▶ _Aim of the exercise_:
Leave the pictures out and restate every line below exactly.

▶ _Input data_:
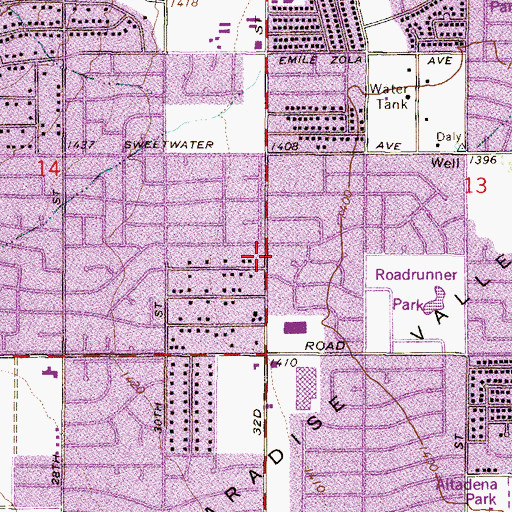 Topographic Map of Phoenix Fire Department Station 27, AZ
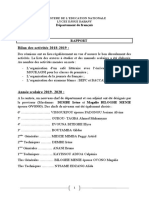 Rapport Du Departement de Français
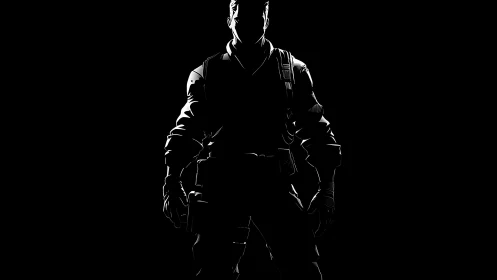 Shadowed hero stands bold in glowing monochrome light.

▶ _Final answer_:
 Topographic Map of Phoenix Fire Department Station 27, AZ
 Rapport Du Departement de Français
 Shadowed hero stands bold in glowing monochrome light.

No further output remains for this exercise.